__Your goal__: The entries below contain pictures. Write out only the lines from the line with "Fantasy Display Nendoroid" up to and including the line with "Land Rover Range Rover Sport P460e — photo 7", exactly, without them.

__Materials provided__:

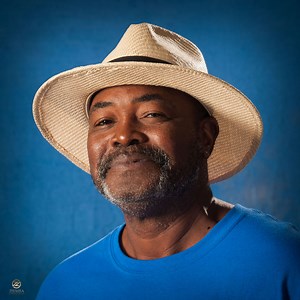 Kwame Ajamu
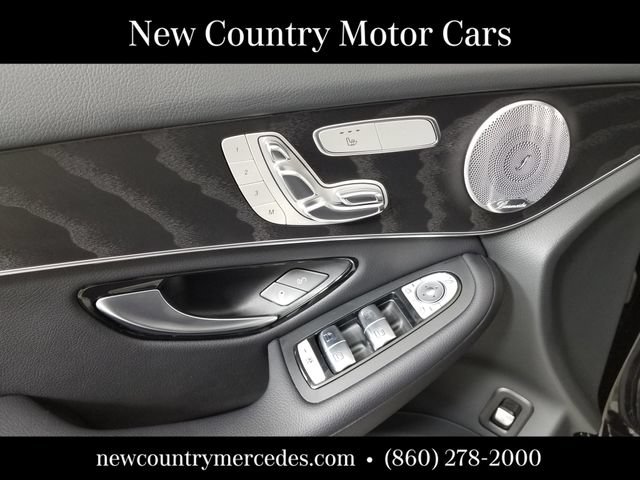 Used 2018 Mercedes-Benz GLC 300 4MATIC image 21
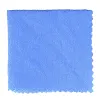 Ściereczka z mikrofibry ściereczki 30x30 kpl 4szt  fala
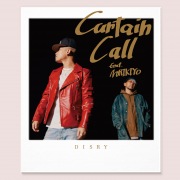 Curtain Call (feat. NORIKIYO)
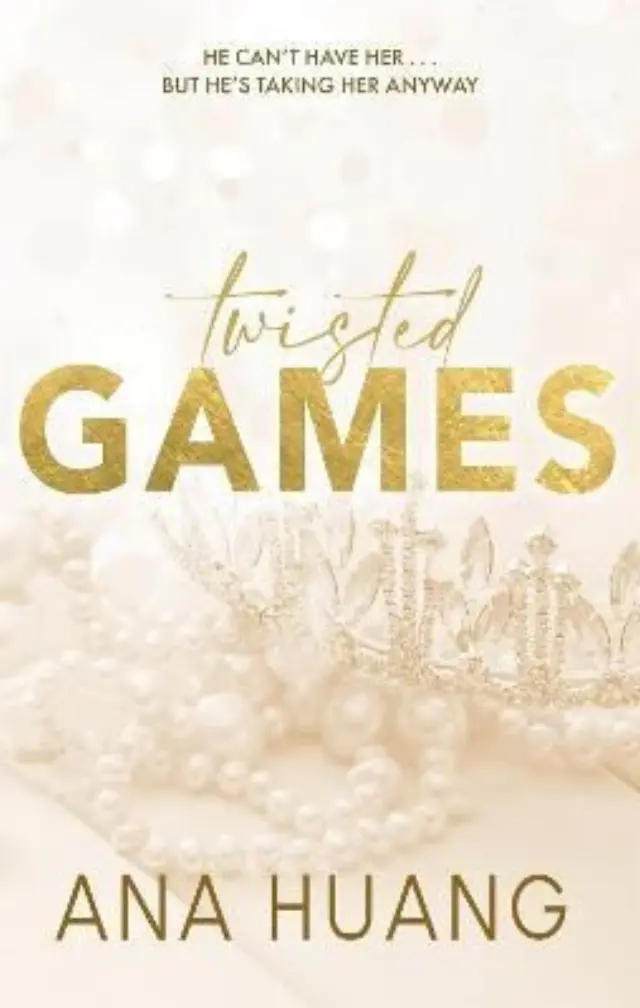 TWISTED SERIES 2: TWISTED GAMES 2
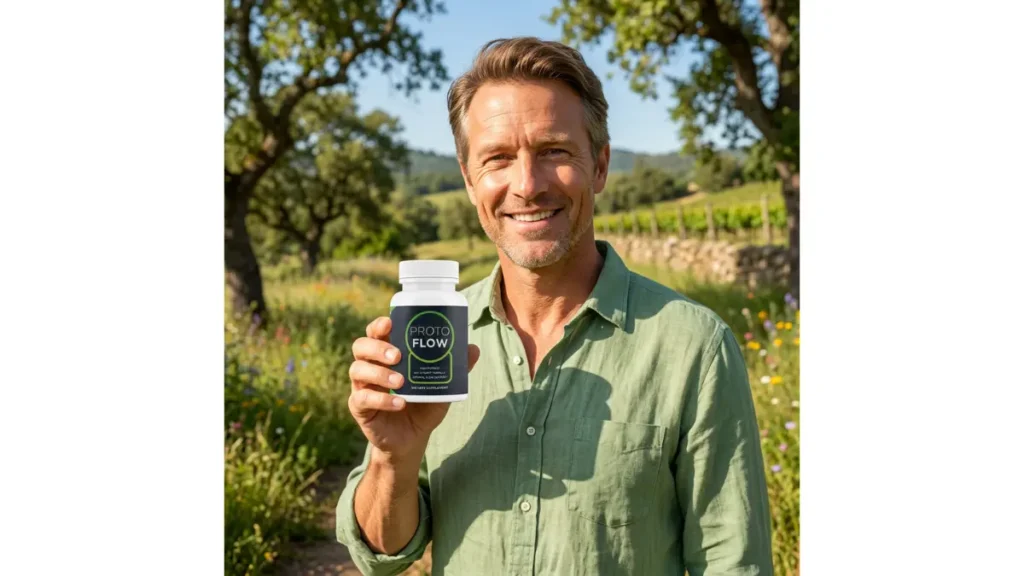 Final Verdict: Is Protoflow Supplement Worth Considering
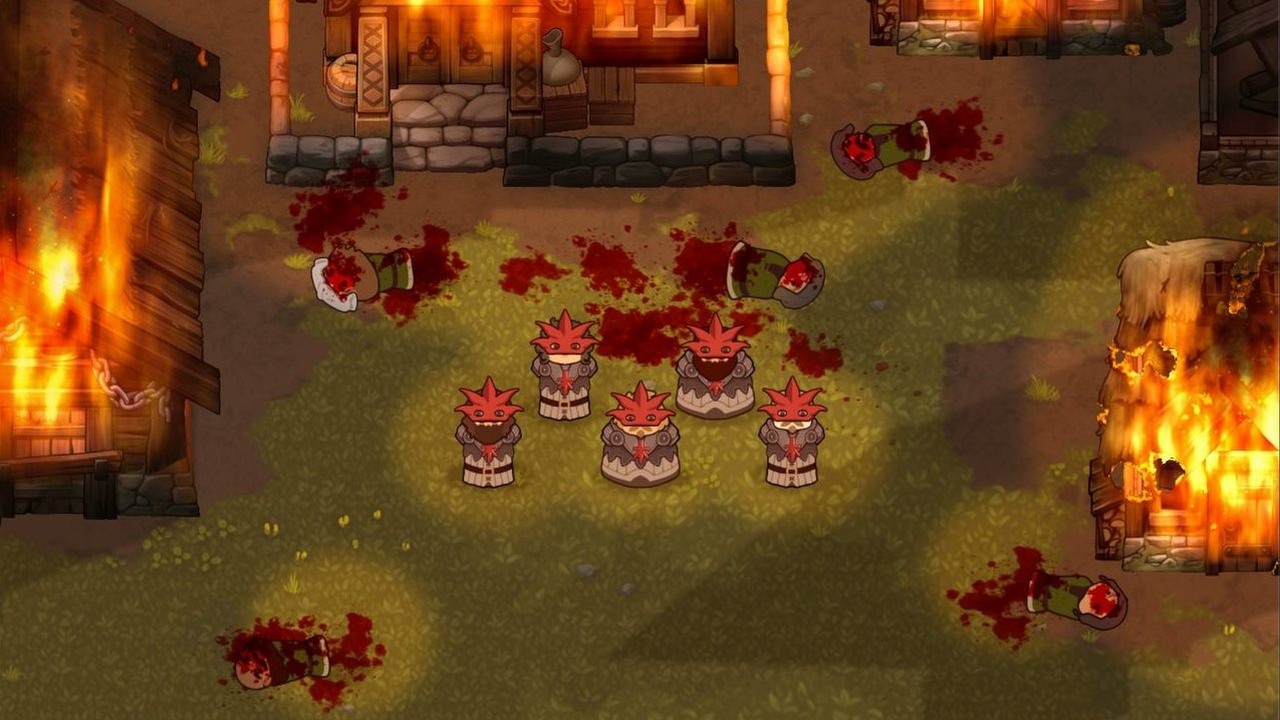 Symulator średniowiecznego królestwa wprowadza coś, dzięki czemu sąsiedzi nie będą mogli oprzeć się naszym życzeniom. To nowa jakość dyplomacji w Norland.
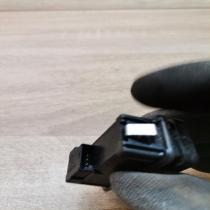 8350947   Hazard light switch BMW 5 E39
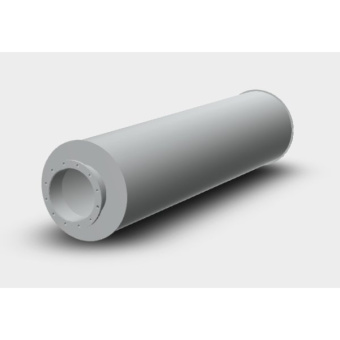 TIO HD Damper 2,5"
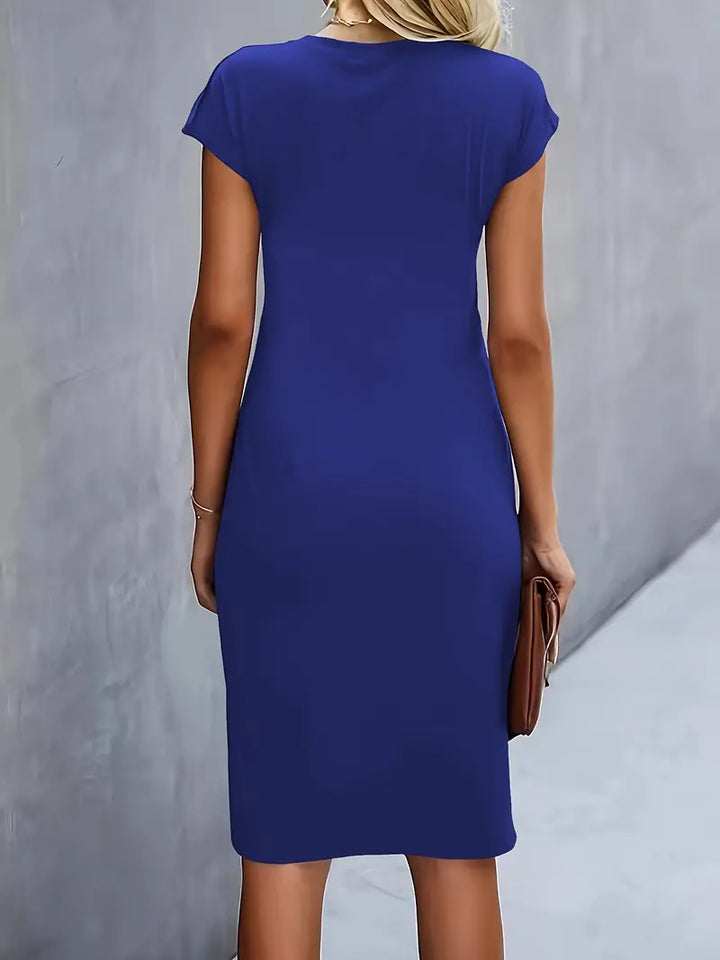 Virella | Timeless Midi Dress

...

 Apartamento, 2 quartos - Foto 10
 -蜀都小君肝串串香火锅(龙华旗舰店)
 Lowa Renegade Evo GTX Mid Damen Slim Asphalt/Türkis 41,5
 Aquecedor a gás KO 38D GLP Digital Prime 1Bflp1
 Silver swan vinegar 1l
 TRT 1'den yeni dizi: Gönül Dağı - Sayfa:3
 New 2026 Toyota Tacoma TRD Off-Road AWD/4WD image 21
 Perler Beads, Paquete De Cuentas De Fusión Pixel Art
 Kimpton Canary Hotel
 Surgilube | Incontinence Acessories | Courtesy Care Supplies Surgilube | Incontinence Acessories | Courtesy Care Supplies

---

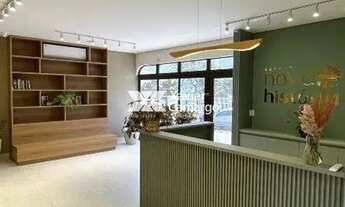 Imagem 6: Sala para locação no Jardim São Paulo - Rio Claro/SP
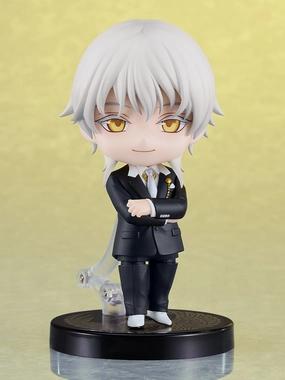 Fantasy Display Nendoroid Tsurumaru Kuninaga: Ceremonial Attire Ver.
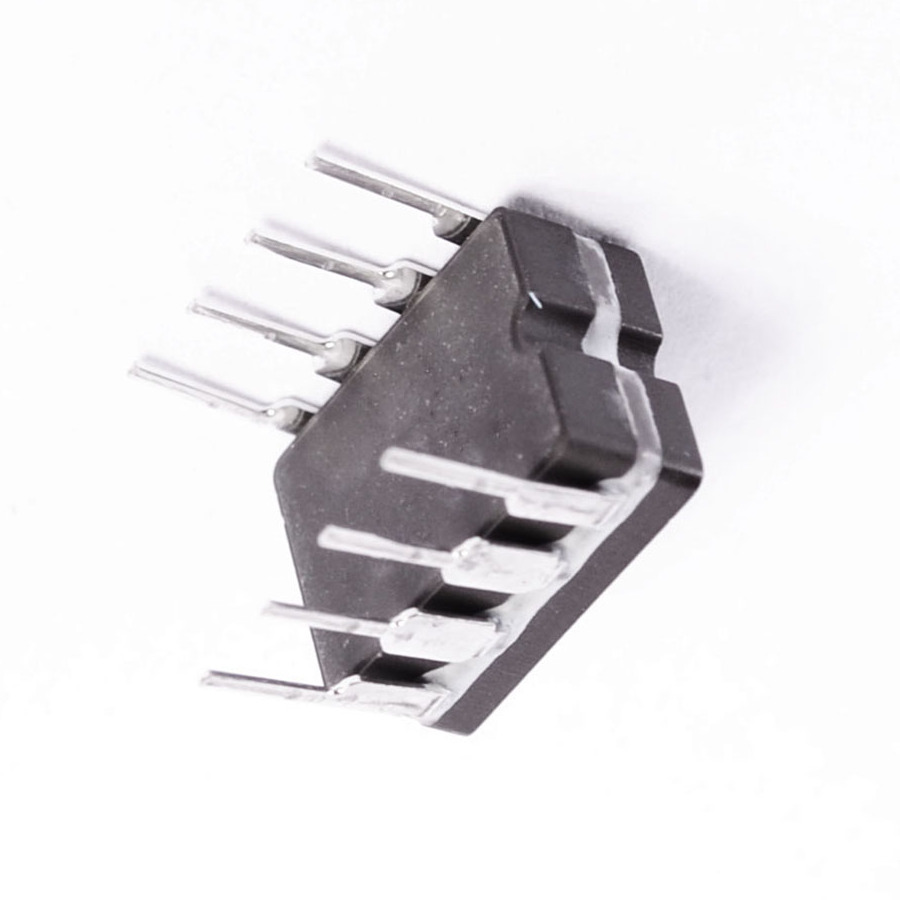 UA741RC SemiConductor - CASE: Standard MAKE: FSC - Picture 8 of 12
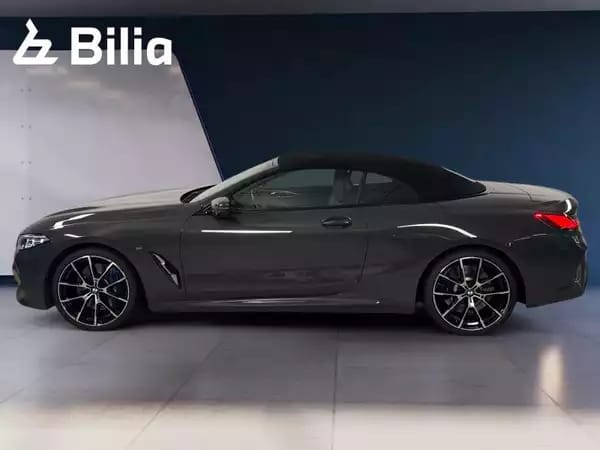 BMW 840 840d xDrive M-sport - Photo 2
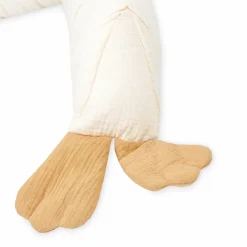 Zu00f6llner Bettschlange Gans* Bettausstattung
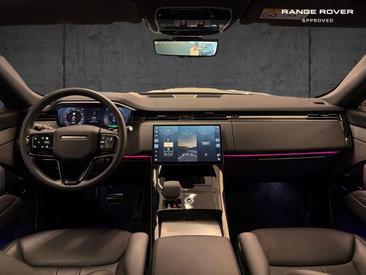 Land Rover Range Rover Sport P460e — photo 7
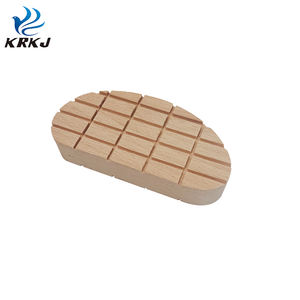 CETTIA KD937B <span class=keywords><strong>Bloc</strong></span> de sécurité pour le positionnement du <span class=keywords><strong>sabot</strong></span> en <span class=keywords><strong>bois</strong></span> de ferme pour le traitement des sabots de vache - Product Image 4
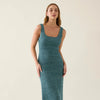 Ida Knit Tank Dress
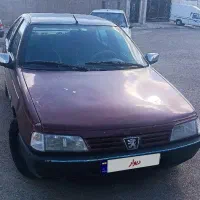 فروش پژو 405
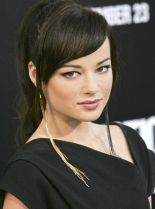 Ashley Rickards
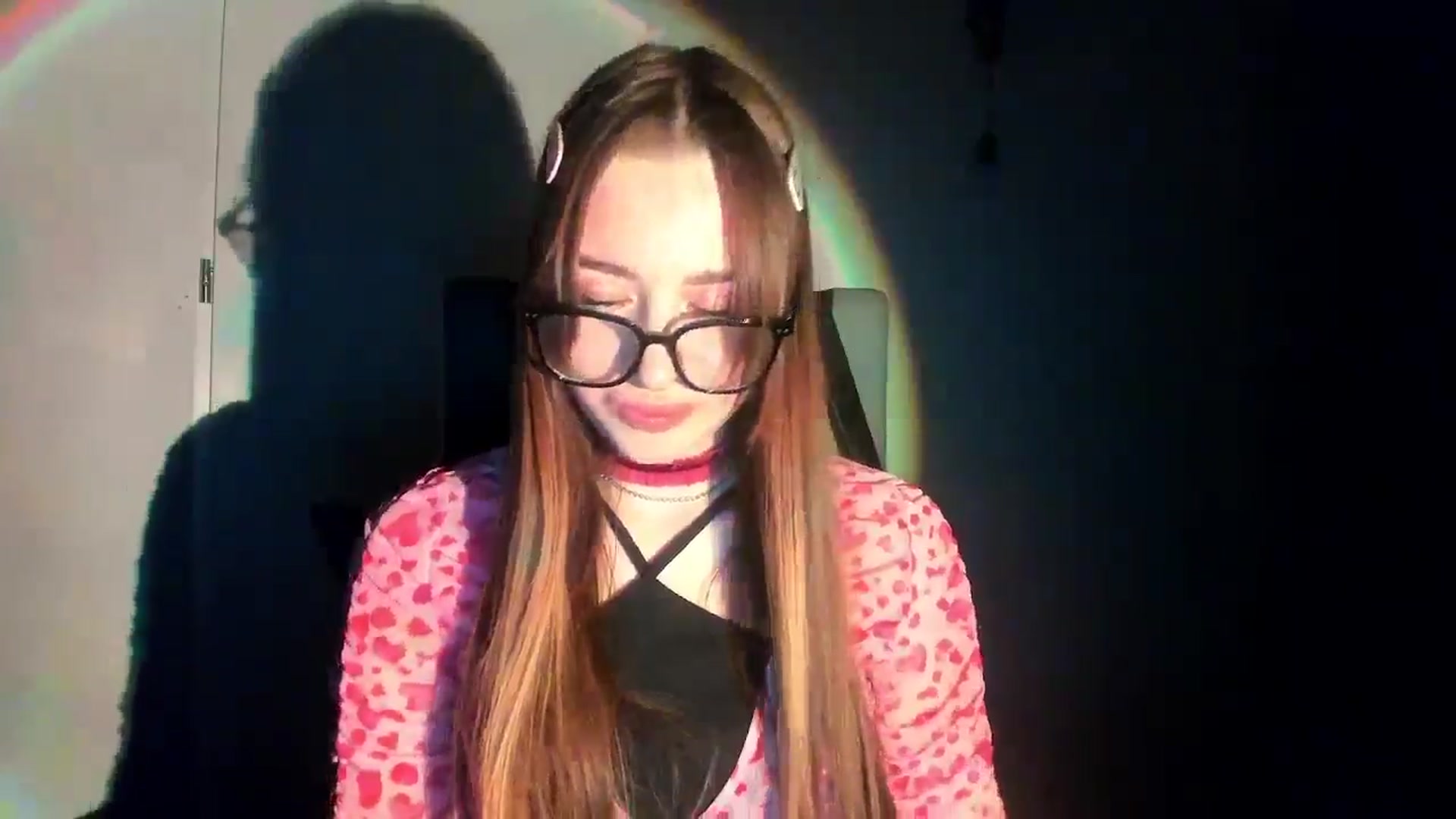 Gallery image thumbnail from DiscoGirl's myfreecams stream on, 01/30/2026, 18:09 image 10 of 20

__Exercise answer__:
 Fantasy Display Nendoroid Tsurumaru Kuninaga: Ceremonial Attire Ver.
 UA741RC SemiConductor - CASE: Standard MAKE: FSC - Picture 8 of 12
 BMW 840 840d xDrive M-sport - Photo 2
 Zu00f6llner Bettschlange Gans* Bettausstattung
 Land Rover Range Rover Sport P460e — photo 7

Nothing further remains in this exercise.